Two new stacks have been added to parallel
FORTH that are not in serial versions of FORTH.
These two stacks are the array stack (A) and the
mask stack (M). The mask stack is not normally
used or seen by the FORTH programmer. It is
used to facilitate nested conditional statements,
such as 'IF ... ELSE ... THEN' or 'BEGIN ...
UNTIL'. The array stack is extensively used by the
FORTH programmer, since it is the parallel
equivalent of the MCU's data stack. Most
operations that can be performed on elements of the
data stack have corresponding operations that can be
performed in parallel on the array stack, such as +,
*, DUP, DROP, and ROT. There are a few other
operations that are peculiar to the array stack.
The following sections will discuss in more depth
the parallel operations that have been implemented
to extend FORTH into the realm of parallelism.
VOCABULARY AND DATA
DEFINITION
In MPP Parallel Forth there is a vocabulary called
PARALLEL. All new parallel words are in this
vocabulary except PE control unit (PECU)
primitive words and mask stack operations. As
pointed out in the introduction '{' and '}' are used
to enter and exit the parallel vocabulary. The
following is a definition that will manipulate the
MCU data stack:
: MULTADD * + ;
While the next definition manipulates the ARU
array stack:
: MULTADD { * + } ;
Parallel variables can be allocated in either the array
or the staging memory. If a user wants to allocate
a 128x128 array of 7-bit values named AR1 in the
staging memory, the following is used:
7 STG VARIABLE AR1
276
If a user wants to allocate a 128x128 array of 11-bit
values in the array memory named AR2, the
following is used:
11 ARU VARIABLE AR2
The definition of parallel constants is similar to
defining variables, except the user puts an array on
top of the array stack and then executes the
statement:
13 ARU CONSTANT CON1
to create a 128x128 array of 13-bit constants.
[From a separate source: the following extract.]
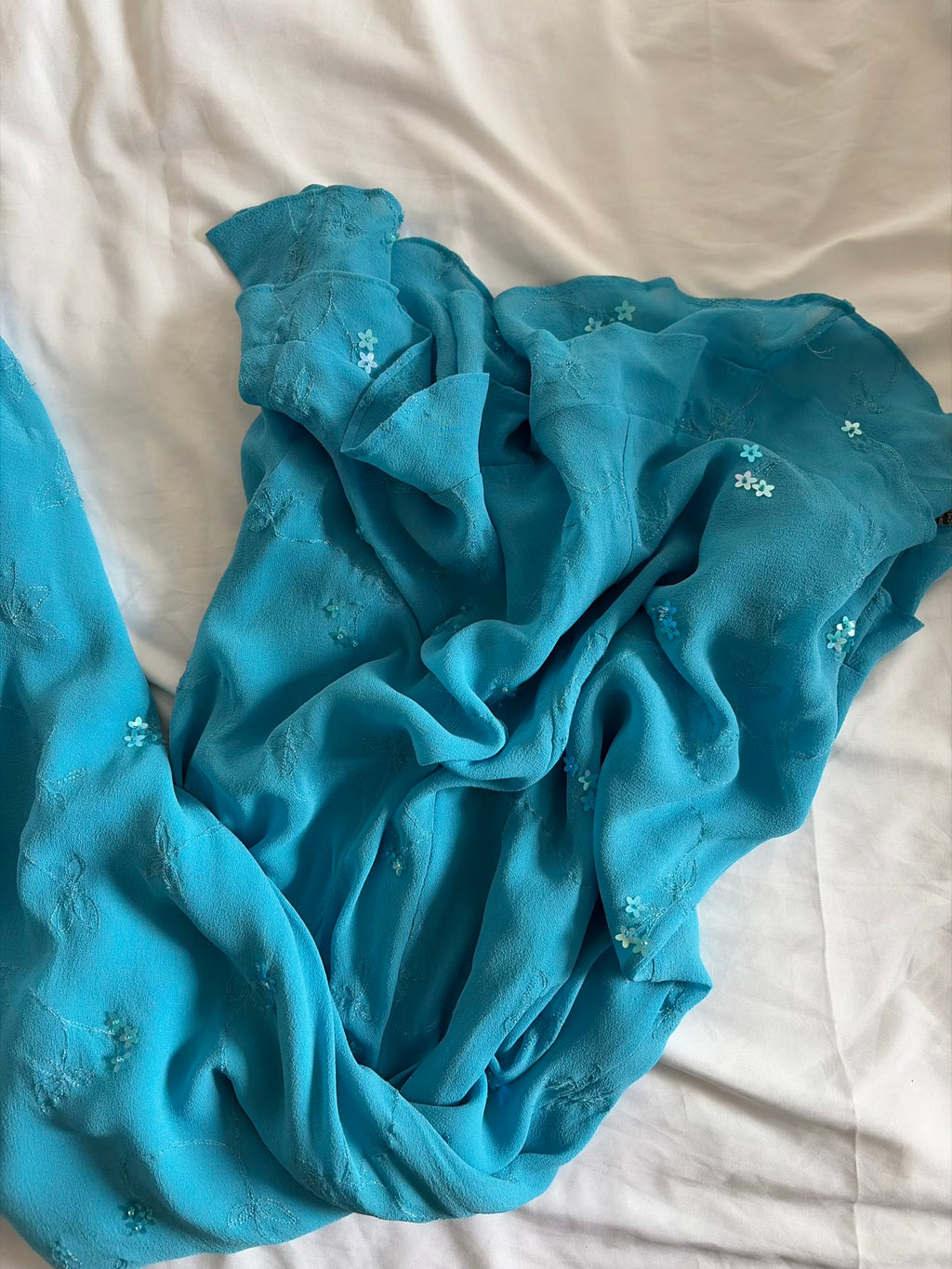 Vintage 1990s Turquoise Silk Asymmetrical Hem Dress with Mini Flowers and Beads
Likewise vectors and arrays of 128x128 arrays may
be defined with VECTOR and MATRIX,
respectively. A vector of 20 8-bit 128x128 arrays
can be defined with the following statement:
20 8 ARU VECTOR VEC1
The word ALLOT will allocate variable space in
either the stager or the array if it is preceded by the
word STG or ARU, respectively. ALLOT is used
by all the above-mentioned definition words.
PARALLEL I/O
Parallel files can be stored on the host in either
matrix or image format. Each format allows for 8-
bit, 16-bit and 32-bit values. A matrix format file
contains multiple arrays of 128x128 values. An
image format file contains multiple images of
512x512 values. The following command:
CHANA IMAGE8 OPEN WHAT.DAT
opens the file 'what.dat' as an image file of images
with 8-bit values. LOAD is then used to read the
matrix or image into a previously defined staging
memory array. An image from an image file of 8-
bit values should only be loaded into a VECTOR
or MATRIX that has at least 8x16 or 128 bits
allocated to it. The command to read a matrix into
a stager array is:
V1 3 LOAD
This loads the third matrix of the current file into
variable V1. To store an image into a file, the
word STORE is used (i.e., V1 3 STORE ).
MEMORY OPERATIONS
Memory operations are used to move data between
the three MPP memories: the MCU, the ARU, and
the staging memory. The word '@' fetches arrays
from array variables in the stager and the ARU
memory and puts them on the array stack. The
word '!' stores an array from the array stack into an
array variable in the stager or ARU memory. The
word 'SCALAR' takes a value from the data stack
in the MCU memory, broadcasts it to all PE's, and
produces an array on top of the array stack that has
the same value for all elements of the array. Also,
when the context is the parallel vocabulary, any
literals are compiled into constants that will be
sent to the top of the array stack as a scalar value
during execution. Operations such as GMAX,
GMIN, and GOR can reduce an array of values into
a scalar value that can be put onto the data stack.
ARRAY STACK OPERATIONS
Most array manipulation occurs on the array stack.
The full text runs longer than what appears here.